Die Beschwerdeführerin übertreibt, wenn sie behauptet, die städtische Verkehrspolitik werde unglaubwürdig, wenn sich nicht sämtliche Beamte danach richteten. Eine Stadt von der Grösse Berns beschäftigt eine grosse

BGE 120 Ia 203 (208):

Zahl an Arbeitskräften, von denen nur ein geringer Teil von der Bevölkerung als eigentliche Beamte beziehungsweise Repräsentanten des Gemeinwesens wahrgenommen wird.

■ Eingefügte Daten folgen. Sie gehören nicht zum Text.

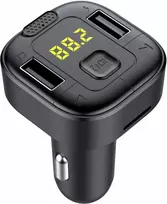 Transmitter FM SWM 2000 Bluetooth, SD, USB-A, FM, MP3, WMA, MIC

Niemand wird aber daraus, wie sich ein Mitarbeiter des städtischen Bauamts, der Wasserversorgung, des Schlachthauses oder der Kehrichtabfuhr zur Arbeit begibt, Rückschlüsse auf die Glaubwürdigkeit der Verkehrspolitik der Beschwerdeführerin ziehen. Bei leitenden Beamten, insbesondere solchen des betreffenden Dienstzweigs, mag es sich unter Umständen etwas anders verhalten; von ihnen könnte aufgrund der Treuepflicht allenfalls eine stärkere Identifikation mit den politischen Zielen der Stadt verlangt werden. Art. 68 des Personalreglements will jedoch grundsätzlich allen städtischen Beamten die Benutzung von privaten Motorfahrzeugen für ihren Arbeitsweg verbieten, was nach dem Gesagten unzulässig ist.